Muchos estudios y el propio trabajo del colectivo Werker muestran que el descanso no es igual para todos, sino que está distribuido según vectores de raza, clase, diversidad funcional y neurológica, edad, género y sexualidad: las comunidades subalternizadas por estos vectores que contribuyen a una naturalización de lo que es “normal”, “aceptable” y “sano”, duermen menos y duermen peor. Especialmente dramática es la “brecha del sueño” en personas afrodescendientes,13 que evidencia la correlación directa entre el empobrecimiento del descanso y la discriminación, el estrés, la in/seguridad (tanto física como financiera), el contexto vecinal o la vigilancia, así como los efectos que este mal dormir tienen en la salud14—personal, comunitaria, social y económica. Otro factor importante a señalar que agrava la condición de desprotección y fatiga extremas es la cuestión del techo. Las personas desahuciadas y sin techo quedan desamparadas en una situación de alienación, vulnerabilidad y urgencia, salvajes en las que la propia posibilidad de descanso está puesta en jaque. 

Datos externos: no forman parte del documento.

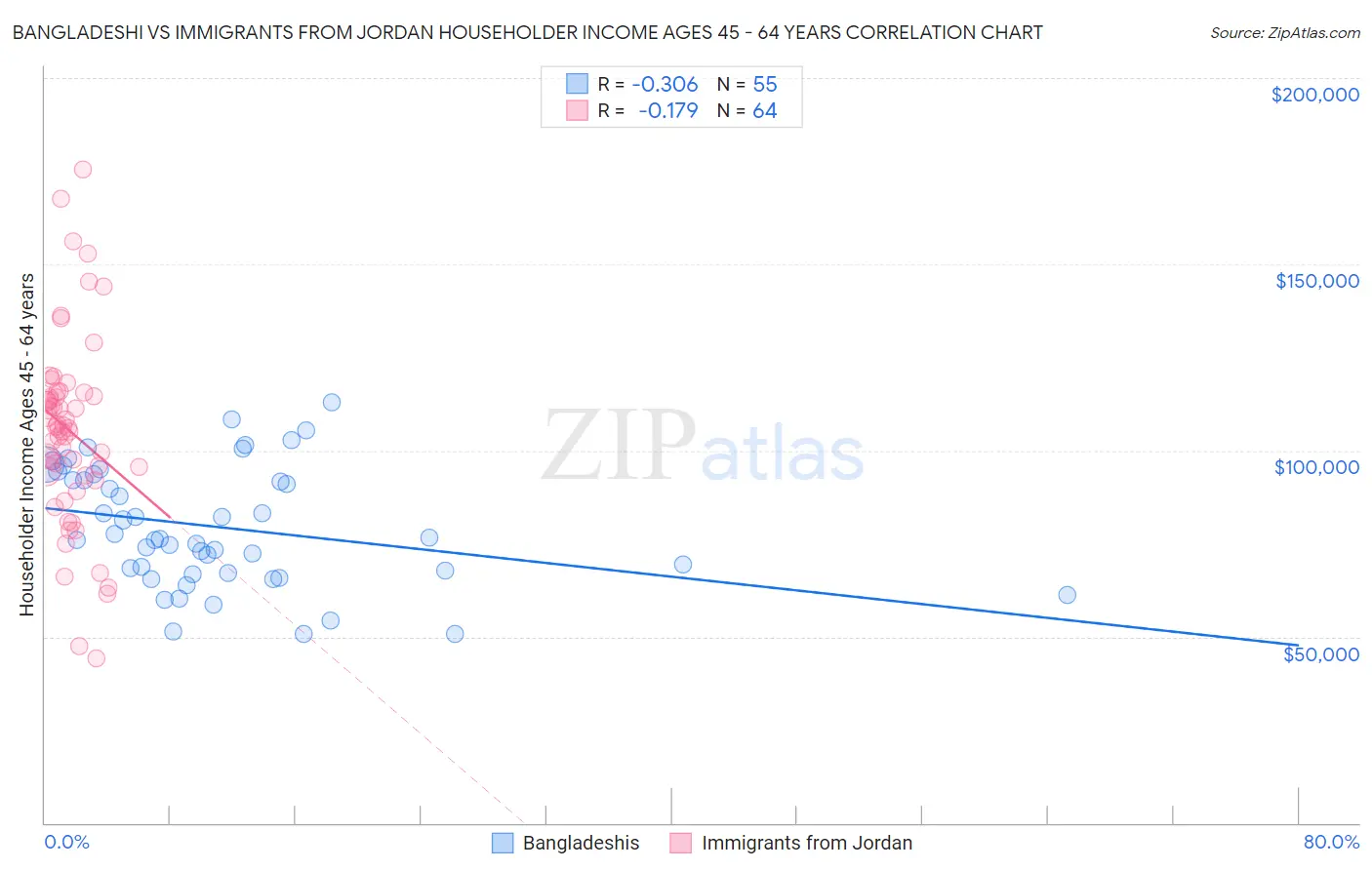 Bangladeshi vs Immigrants from Jordan Householder Income Ages 45 - 64 years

El descanso es por lo tanto un índice de intersección de las formas de desposesión y de privilegio que nos atraviesan como sujetos. Es una condición política, en la que se demuestra la vital trascendencia de las lógicas de preservación que aportan los cuidados. Bajo este enfoque cobran fuerza renovada las palabras que Audre Lorde, escritora negra y lesbiana, escribe en A Burst of Light al aprender que el cáncer devora su hígado: “Cuidarme a mí misma no es un acto de complacencia, sino de conservación, y eso es un acto de guerra política”. Lo escribe pensando en cómo el privilegio es un vector corrosivo que organiza la gestión y reproducción de la vida, de la muerte y de los cuidados, sobretodo del cuidado propio. El agotamiento inducido por la privación del sueño provoca un estado de vulnerabilidad, desprotección y malestar, fruto de la despo­sesión del mundo común que habitamos.15 Frente a este panorama, la pregunta por el derecho al descanso se torna urgente. ¿Quién tiene derecho a dormir hoy, y de qué manera? ¿Quién tiene derecho a tener derechos tan básicos como el descanso, y por qué? ¿Cómo cuidarse colectivamente y hacer frente a esta guerra política?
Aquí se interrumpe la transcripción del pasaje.